A cette question, j'ai souvent répondu que le seul point de rencontre possible entre les deux antagonistes était le partage du monde entier en deux zones d'influence par regroupement des économies complémentaires: Russie et Europe occidentale d'un côté, Amérique et Chine de l'autre.
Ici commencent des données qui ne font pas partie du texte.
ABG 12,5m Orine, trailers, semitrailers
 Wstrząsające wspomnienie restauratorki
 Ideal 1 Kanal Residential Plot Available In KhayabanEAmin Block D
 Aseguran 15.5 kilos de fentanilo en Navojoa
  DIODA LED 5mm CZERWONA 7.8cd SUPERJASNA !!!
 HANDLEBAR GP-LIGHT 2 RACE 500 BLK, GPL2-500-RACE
Entre les deux, le bloc afro-asiatique qu'ils continueraient à se disputer sur le plan de la concurrence économique et au sein duquel, chacun pour son compte, ils posent déjà des jalons, les uns, par le truchement de la conférence de Bandoeng, les autres en Afrique, tous deux au Moyen-Orient actuel, point de friction.
Au regard de ce problème général, celui du désarmement et celui de la réunification de l'Allemagne sont mineurs et, d'ailleurs, dépendent de sa solution.
Le lecteur doit seulement se demander, maintenant, si, dans l'hypothèse où ils seraient acculés à des conversations à deux dans la perspective d'un partage du monde en deux zones d'influence, les États-Unis ne feraient pas le premier pas en proposant à la Russie, un accord sur le Moyen-Orient.
Je lui propose cette hypothèse en lui faisant remarquer que la ligne générale de la diplomatie américaine écartelée entre Harold Stassen et Foster Dulles ne l'exclut pas.